Unless extreme care is taken, the subsequent code generation phase
could produce different evaluation orders for different copies.  Since
the precise effect of optimization is hard - if not impossible - to
pin down, it seems like a good idea to say that the evaluation order
is undefined, and even different invocations of the same call can
differ here.

Macro expansion can have similar effects of duplicating procedure call
sites.  However, macro-expansion is usually explained in terms of
source-to-source transformations.  Semantic issues like evaluation
order is kept out of the picture until all macros are expanded.

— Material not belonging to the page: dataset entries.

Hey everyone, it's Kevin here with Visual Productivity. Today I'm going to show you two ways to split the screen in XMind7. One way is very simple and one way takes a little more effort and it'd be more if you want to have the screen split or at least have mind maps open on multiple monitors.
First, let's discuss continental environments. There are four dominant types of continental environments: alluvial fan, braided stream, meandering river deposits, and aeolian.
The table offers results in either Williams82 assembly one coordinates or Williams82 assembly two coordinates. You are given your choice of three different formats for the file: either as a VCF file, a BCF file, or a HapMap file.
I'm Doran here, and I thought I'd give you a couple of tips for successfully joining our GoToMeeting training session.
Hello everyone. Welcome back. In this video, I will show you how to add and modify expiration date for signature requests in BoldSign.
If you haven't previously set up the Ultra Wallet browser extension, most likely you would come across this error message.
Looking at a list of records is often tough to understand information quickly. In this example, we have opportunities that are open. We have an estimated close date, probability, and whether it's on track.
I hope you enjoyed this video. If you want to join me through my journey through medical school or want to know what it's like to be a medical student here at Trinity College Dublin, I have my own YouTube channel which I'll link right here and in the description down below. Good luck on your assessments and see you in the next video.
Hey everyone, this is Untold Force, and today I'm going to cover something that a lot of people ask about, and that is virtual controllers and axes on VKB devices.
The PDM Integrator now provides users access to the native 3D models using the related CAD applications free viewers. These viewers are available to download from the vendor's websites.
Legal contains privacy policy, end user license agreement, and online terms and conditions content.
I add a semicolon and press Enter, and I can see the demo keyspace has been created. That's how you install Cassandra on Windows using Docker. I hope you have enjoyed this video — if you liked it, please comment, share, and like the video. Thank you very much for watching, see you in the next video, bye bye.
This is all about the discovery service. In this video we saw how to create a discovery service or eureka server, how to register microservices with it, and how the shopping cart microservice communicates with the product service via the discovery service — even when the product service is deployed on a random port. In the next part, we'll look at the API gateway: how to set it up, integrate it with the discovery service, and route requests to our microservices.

I would go with the most general interpretation of the rule:

	* the language definition does not mandate any particular
	  evaluation order
	* the actual evaluation of the arguments for each individual
	  call at runtime must be consistent with some sequential
	  order of evaluation
	* this sequential order (which is only used as a reference order)
	  can be chosen without further constraints for each
	  individual call

Actually, I don't like the second point.  What it says is basically
that there are (C-style) sequence points between arguments of a
procedure call, but it is left open how the arguments are to be filled
into the spaces between those sequence-points.  Why have the sequence
points in the first place?

Consider:

	(a (b (c) (d)) (e (f) (g)))

Here are possible orders of evaluation:

[call to a comes always last.]

Let's pick: call to e before call to b (the other possible choice
works similarly)

Now we are also committed to both f and g coming before b.
Furthermore, b's arguments are evaluated *after* the call to e.  This
leaves us with only 4 possible choices.

g f e d c b a
f g e d c b a
g f e c d b a
f g e c d b a

Correct me if I'm wrong, but in C you are not constrained that much.
In C you can also have:

g f d e c b a
g f d c e b a

and various permutations of the goups consisting of g, f, d, and c.